Citation : 2025 Latest Caselaw 6841 Tel
Judgement Date : 2 December, 2025
IN THE HIGH COURT FOR THE STATE OF TELANGANA
AT HYDERABAD
THE HON'BLE SRI JUSTICE C.V.BHASKAR REDDY
MACMA No.422 of 2019
DATE: 02.12.2025
Between:
United India Insurance Co. Ltd.,
Represented by its Divisional Manager,
R/o. Basheerbagh, Hyderabad
.....Appellant
AND
Kondal Rao Gajawada and another
....Respondents
JUDGMENT:
This appeal, under Section 173 of the Motor Vehicles Act, 1988, is
filed by the appellant-Insurance Company challenging the award dated
15.10.2018 passed in M.V.O.P.No.1064 of 2012 by the Chairman, Motor
Accidents Claims Tribunal-cum-Principal District Judge, Ranga Reddy
District at L.B. Nagar, whereby the Tribunal awarded total compensation of
Rs.4,40,000/- with interest at 7% per annum in favour of the respondent
No.2-claimant for the injuries sustained by him in a motor vehicle accident.
2. The brief facts are that on 14.09.2012 at about 14:00 hours,the
claimant along with his friend Samala Shankar Rao was travelling in car
bearing No.AP 11 AE 5850 from Pillaipally Village to Hayathnagar and
whenthey reached Bandaravirala Village, Hayathnagar, a lorry bearing
registration No.AP 29 TA 0401 came from the opposite direction in a rash
and negligent manner at high speed and dashed the car, resulting in
multiple grievous injuries to the claimant, including a comminuted fracture
of the proximal shaft of the humerus with subluxation of the shoulder joint,
and grievous injuries to L1 and L2 vertebra. Stating that he took treatment
at Sunshine Hospital and other medical centres and that due to the injuries,
he was unable to continue his avocation and suffered prolonged disability,
the claimant filed the claim petition seeking compensation of Rs.6,00,000/-.

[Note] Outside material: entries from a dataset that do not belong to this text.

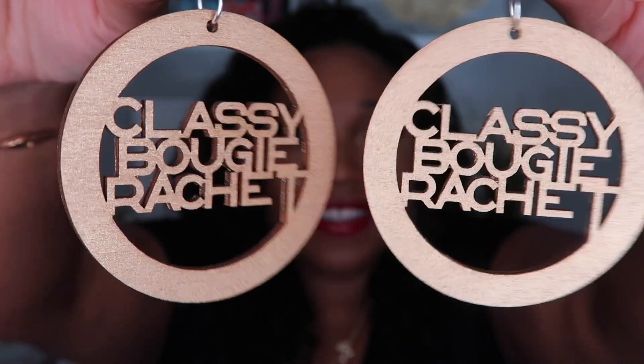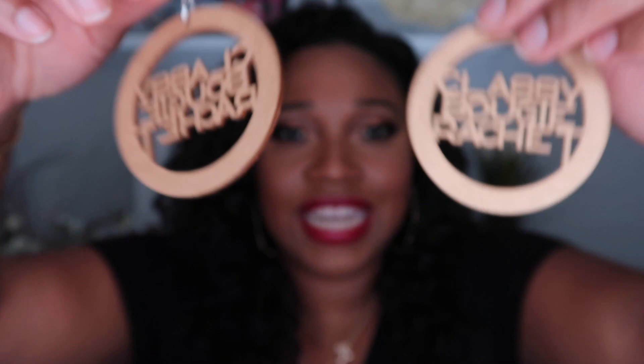The first company I want to talk about is TonyDaily.com. She is a Canadian YouTuber and she has wigs, hair, accessories, and jewelry. I picked up a set of earrings — some for my daughter and a pair for myself. They say 'Classy Bougie Ratchet.' I wore them in my collective haul video and my MAC tutorial. She is a black Canadian YouTuber, so check her out. I'll leave the link in the description section.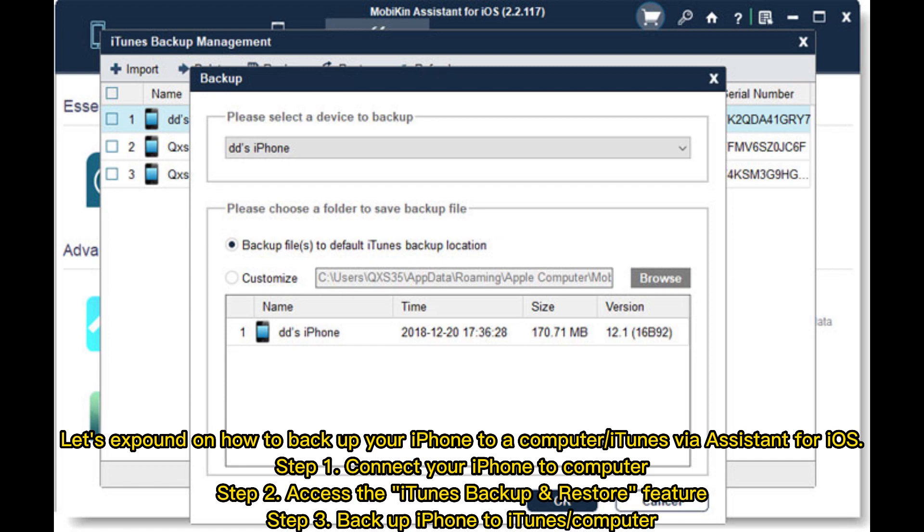Let's expound on how to backup your iPhone to a computer or iTunes via Assistant for iOS. Step 1: Connect your iPhone to computer. Step 2: Access the iTunes backup and restore feature. Step 3: Backup iPhone to iTunes or computer.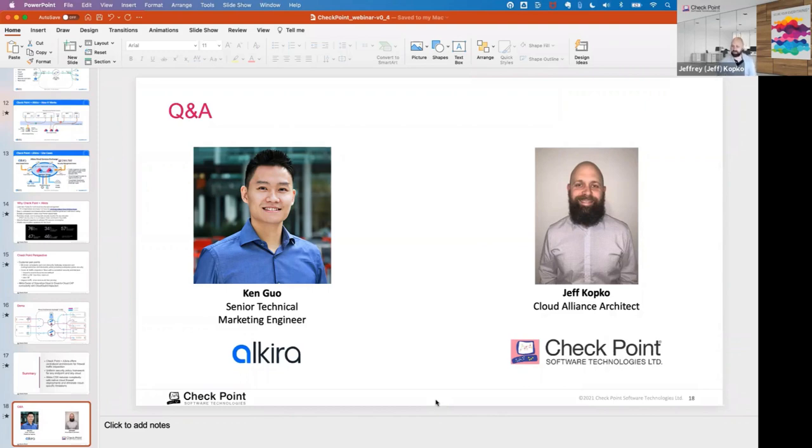Q&A on Oracle Cloud: that capability is GA in about two weeks — end of this month. We will have a native integration with Oracle VCNs, just like we currently do with Azure, GCP, and AWS.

3. Before the Tribunal, the owner of the lorry remained ex parte. The
Insurance Company filed counter denying the manner of accident, the age,
occupation and income of the claimant, and further contended that the lorry
No.AP 29 PA 0401 was not insured with it and that the vehicle involved was
different. It was also pleaded that the amounts claimed were excessive and
ultimately, prayed to dismiss the petition.
4. After full-fledged trial, the Tribunal held that the accident occurred
due to the rash and negligent driving of the lorry driver and that the lorry
involved was the one insured with the appellant. It then awarded total
compensation of Rs.4,40,000/- with interest @ 7% per annum. Aggrieved by
the same, the Insurance Company filed the present appeal.
5. Heard the learned counsel for both sides and perused the record.
6. The point that for consideration in this appeal is:
"Whether the compensation of Rs.4,40,000/- awarded by the Tribunal
is excessive, and whether any interference is warranted?"
7. Regarding the manner of accident, the claimant as PW1 clearly
narrated the incident. The FIR, complaint and charge sheet (Exs.A1 and A2)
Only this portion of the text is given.